Brian Kelly presented a paper on Approaches To The Preservation Of Web Sites at the Online Information 2002 conference which was held at Olympia, London on 3-5th December 2002. The talk took place in the "Archiving the web: tackling digital preservation" session which was held from 16:00-17:30 on Tuesday 3rd December 2002.
The paper is available from the University of Bath repository.
The author has been involved in studies of the Web sites provided under UK and EU funding programmes. The results of the studies have shown that a number of the Web sites ceased to exist once the funding finished, thereby denying access to project deliverables.Funding bodies with the UK's Higher and Further Education communities are justifiably concerned at the loss of potentially valuable scholarly resources.

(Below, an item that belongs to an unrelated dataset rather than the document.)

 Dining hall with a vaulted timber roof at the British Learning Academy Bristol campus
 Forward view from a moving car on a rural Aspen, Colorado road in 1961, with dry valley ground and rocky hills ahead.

The author will present the findings of a study to investigate the digital preservation of Web sites, by reviewing the scale of the UK Web, reporting on a project to mirror a number of Web sites and making recommendations for the preservation of Web sites.
The paper will give an indication of the scale of the problem by measuring the extent of the UK Web space, by making use of a number of publicly-available resources including search engines such as AltaVista and Google, the Netcraft survey of Web servers, data provided by the Internet Archive and OCLC's Web Characterization Project and studies of the "Invisible Web".
The reasons for variations found in estimating the size of the Web will be discussed and the implications on a large-scale Web-preservation strategy explored.
The paper will outline the reasons for Web site preservation and will attempt to answer the question "What are we preserving and why?"
The paper will then review the experiences of a project to mirror a small number of Web sites, using a harvesting approach based on Web mirroring tools.
The limitations of this approach will be described, including both the technical challenges and legal issues. The technical issues include defining the extent of the Web site, attempting to mirror dynamic content and the limitations of a client-side view of Web sites. The legal pitfalls in digital preservation will be summarised.
Alternative approaches to Web site preservation will be described including making use of the Internet Archive's large-scale archives of Web sites.
Advice will be provided on ways in which Web site developers can facilitate mirroring of their Web sites by adopting various best practices, such as URI naming policies, avoiding the disclosure of backend technologies and adopting accessible design principles to ensure that the Web site if available to automated software agents (as well as to people with disabilities).
The paper will conclude by outlining approaches for a comprehensive strategy for the preservation of Web sites.
Brian Kelly is UK Web Focus - an advisory post on Web issues for the UK's Higher and Further Education communities.
Brian is based at UKOLN - a national focus for digital information management, located at the University of Bath.
Brian has been involved in Web development and support activities since 1993, initially as an early adopter of the Web while based at the University of Leeds. He then worked as a network trainer at Netskills, University of Newcastle. He moved to his current post at UKOLN in October 1996.
Brian is a regular columnist on Web issues in the Ariadne e-journal. He has written articles and papers and given presentations at a wide range of events, including the international World Wide Web conferences.
Brian was involved in a study on the digital preservation of Web sites during summer, 2002.